Numa tarde quente de verão, nestas cavalgadas de trabalho, ao passar por uma grande moita de capim sempre-verde, viu qualquer coisa se mexendo, calculando que seria algum bicho do mato, apeou do seu Volga e sorrateiramente valendo-se de um pedaço de pau, foi ver o que era; abrindo devagarinho a moita, lá estava um linda cadela de cor amarelada salpicada por manchas brancas e pretas e um caudal tipo bandeira; muito gordinha e já nos dias de dar de presente ao mundo suas crias. Mansa, simpática, docilíssima, recebeu sem nenhum susto os chamamentos e afagos de Seu Jaci, parecendo estar faminta e sem forças para procurar alimento, vez que, realmente estava a algumas horas de parir os pequenos filhos de Deus. Seu Jaci, amante dos animais e condoído do seu estado, a seu modo, fez com que ela viesse acompanhando-o de volta à sua casa. Vinha ela andando pesadamente, rebolando num típico andar das grávidas, como uma pequena nau à deriva num mar agitado...
Chegando em casa sua esposa, a simpática D. Bárbara, surpresa ficou com aquela visita, que necessitava de tantos e especiais cuidados; logo colocando leite numa vasilha para a parturiente e uma cesta grande perto do fogão de lenha, para que ela se sentisse confortável e segura. Foi uma festa geral, à medida da chegada dos componentes da casa, apostando cada um, quantos filhotes nasceriam e quantos seriam machos ou fêmeas, à cada vinda a cozinha a cadela recebia um afago carinhoso. Virou a rainha da casa, também parecia sorrir cada vez que um aparecia.

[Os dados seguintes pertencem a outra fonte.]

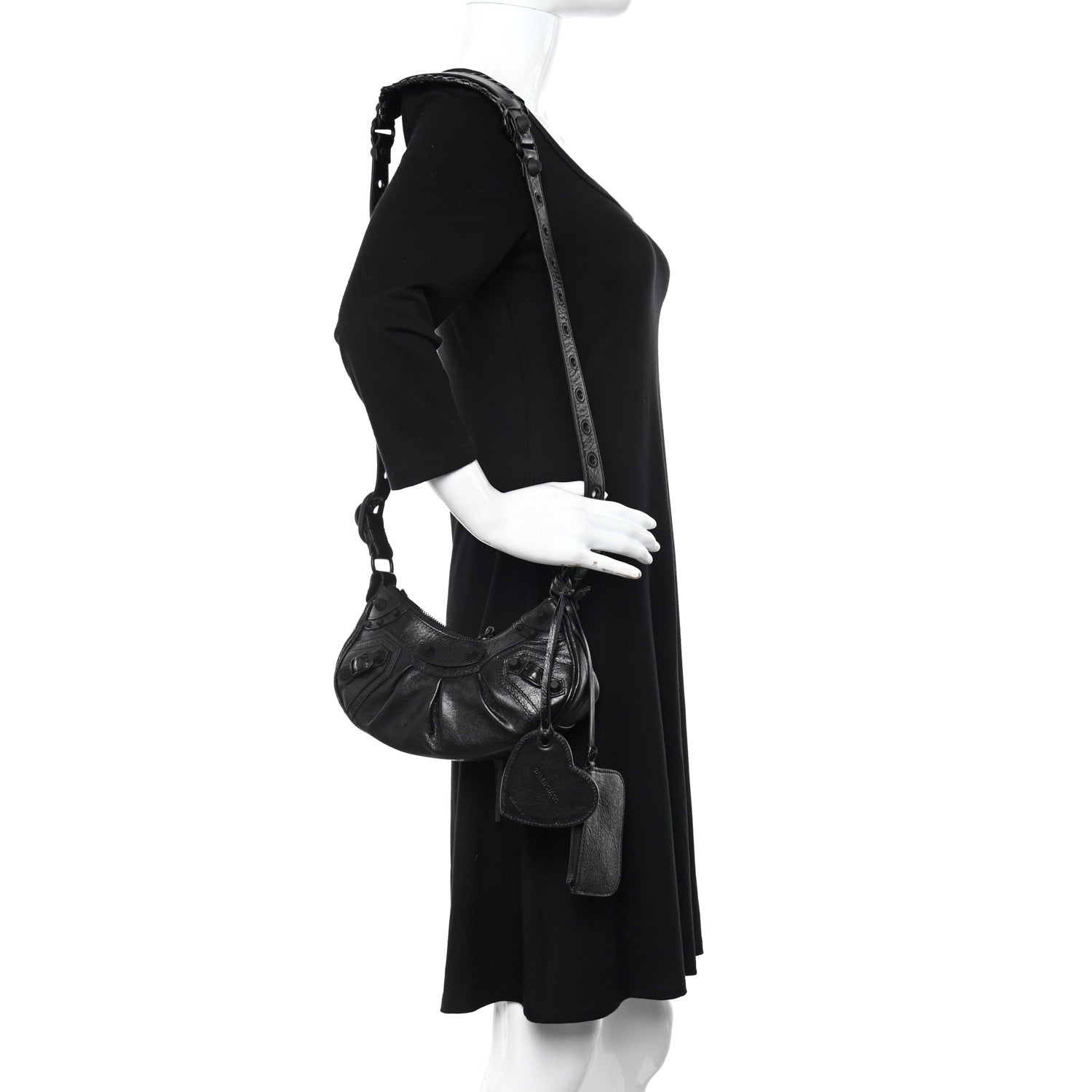 Balenciaga Agneau Arena Monochrome Le Cagole Shoulder Bag XS Black 2 of 11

O pessoal da casa invariavelmente levantava-se por volta das 04:30 todos os dias e na segunda madrugada da chegada da ilustre visita, já depararam com a mesma abanando o rabo, “sorrindo” e com os sadios filhotes, ao todo quatro, sendo duas “meninas” e dois “meninos”, com os olhos ainda fechados, mas já cuidando da vida e agarrados inclusive com ajuda das patinhas nas generosas tetas maternas que retribuíam com o abundante néctar da vida.
O tempo vai passando e os cinco personagens se instalaram como os príncipes e a mãe como a rainha, absolutos, daquele reino doméstico. À medida do crescimento, os filhotes pareciam “meninos levados” a saltitarem dentro da casa e pelo terreiro afora, correndo atrás das galinhas, pombas e passarinhos, querendo voar tambem, pelo menos é o que parecia. A linda cadela foi renomeada de Nina e os filhotes foram doados a parentes e amigos que com eles se encantaram; menos um.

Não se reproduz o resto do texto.